Vicus knew where he was going, and Caera seemed to have at least some knowledge of the area, enough she trusted his direction. Good, because David didn’t have a clue. It was easy to orient which way to go when they were walking on mountainsides, and could see out dozens, even hundreds of kilometers, sometimes all the way to the inner or outer edge of Hell. But in the Grave Valley, the fog and depth of the valley meant he couldn’t see shit.
“At least it isn’t the Black Valley,” Jes whispered over her shoulder.
“Is it bad there?”
“The fog is thicker, and darker. It’s an endless swamp of remnant guts, all tainted black. The worst hellbeasts you can imagine swim underneath the gore. The–”
He put up a hand. “I get it. Mia’s in for a rough time.”
“Rough indeed,” Acelina said. “Zelandariel spoke of the Black Valley often, and the difficulty traversing it when she attacked it in the past. The Black Valley does not have as many demons as Death’s Grip, but the ones that live there are deadly, and crafty.
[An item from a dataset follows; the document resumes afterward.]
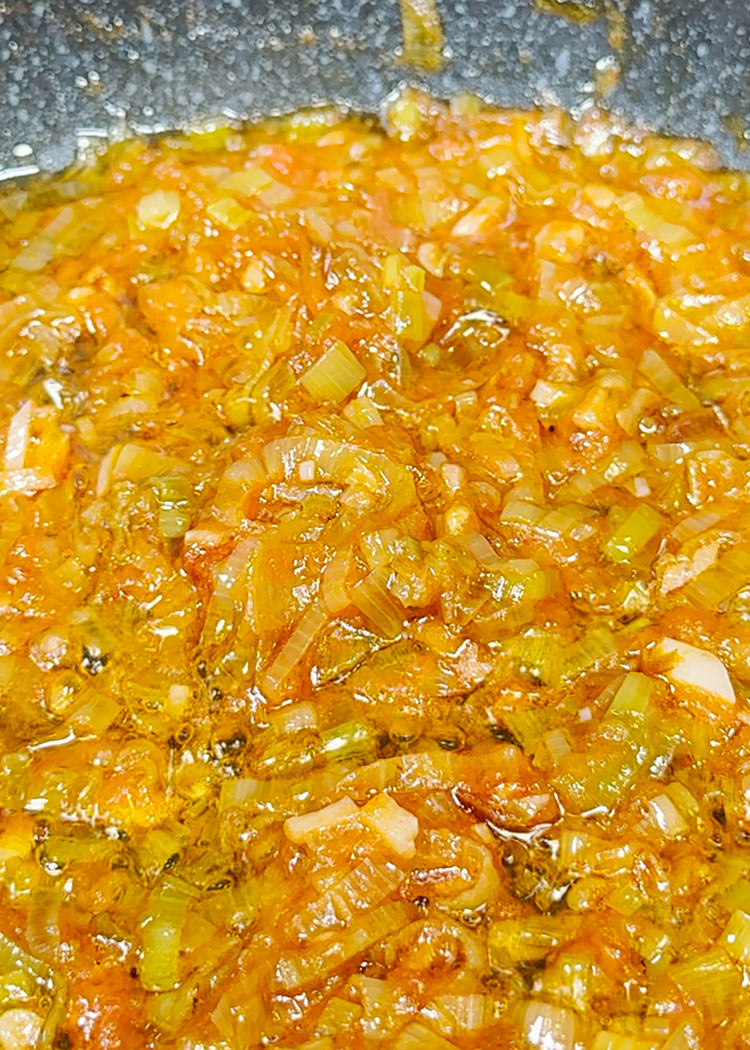 Añadir tomate y pimentón a arroz con acelgas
They have to be, the survive the hellbeasts.”
David eyed the spire mother, and she flashed her shark smile at him.
“Not like we’re going to have it easy,” Jes said. “And I don’t mean because of the rider. Hellbeasts are deadly, but they can be avoided. Demons, on the other hand, it’s better to just kill them before they kill you.” She gestured to Vicus ahead of them before giving him an accusing glare. She didn’t trust Vicus, and from the way she was wiggling her claws and flaring her wings, she was ready for a fight.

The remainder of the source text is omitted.